◆ Available data
________________________________________
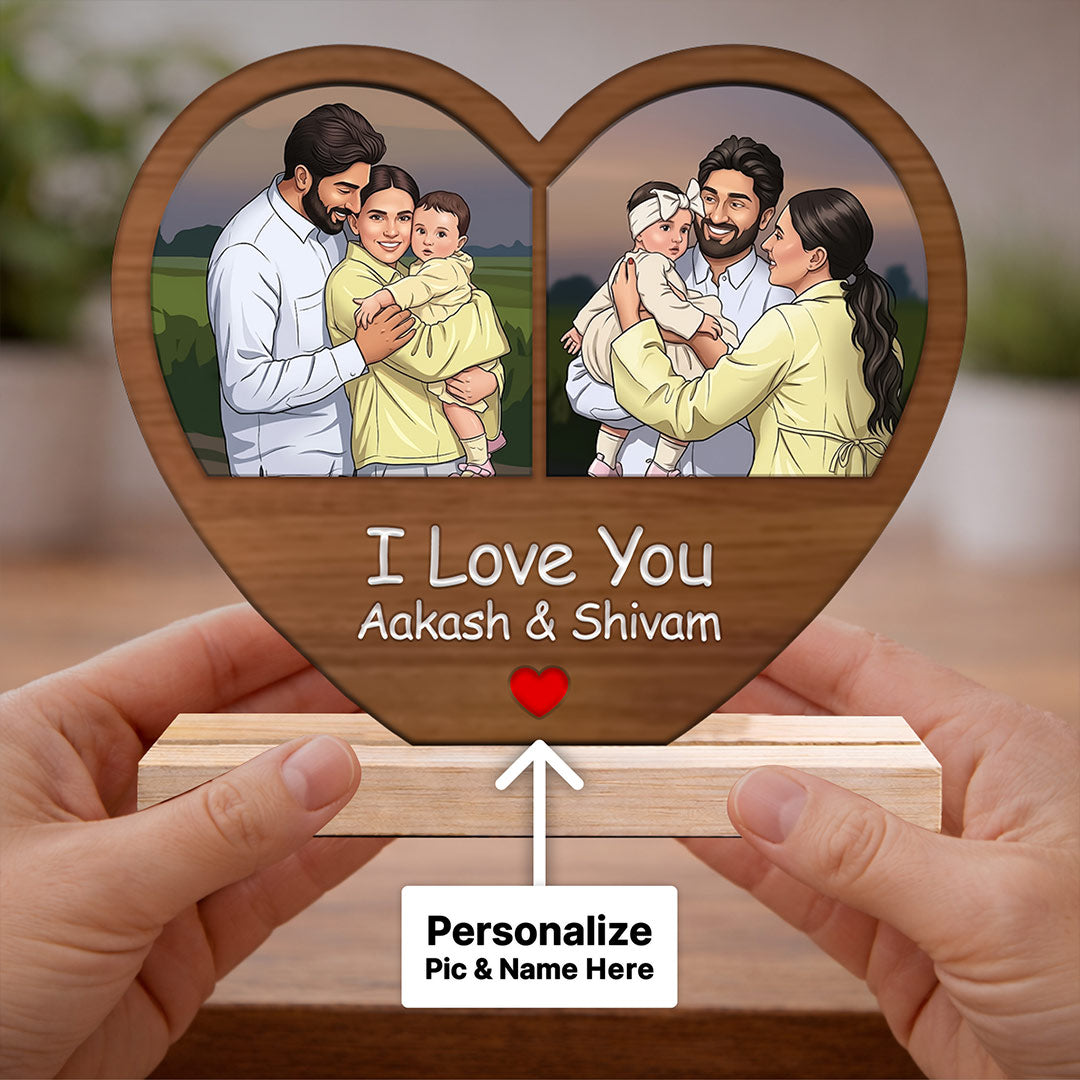 Personalized Heart Shape Wooden Photo Frame Table Stand – Custom Couple & Family Cartoon Frame Gift with Name (6x6 Inch) | Love Craft Gifts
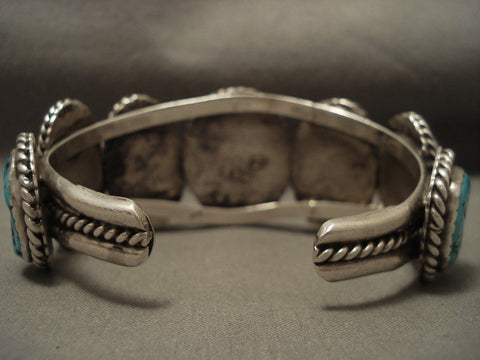 Heav Y 108 Gram Natural Huge Blue Turquoise Vintage Navajo Silver Bracelet
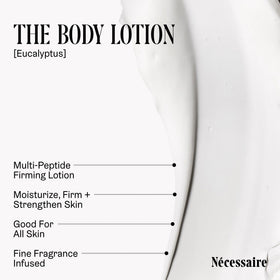 Nécessaire Eucalyptus Body Lotion showing texture on skin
________________________________________
◆ Assigned task
A faithful copy is needed of the lines from the one containing "Heav Y 108 Gram" through the last line of the data above, with pictures left out.

◆ Solution to this exercise
 Heav Y 108 Gram Natural Huge Blue Turquoise Vintage Navajo Silver Bracelet
 Nécessaire Eucalyptus Body Lotion showing texture on skin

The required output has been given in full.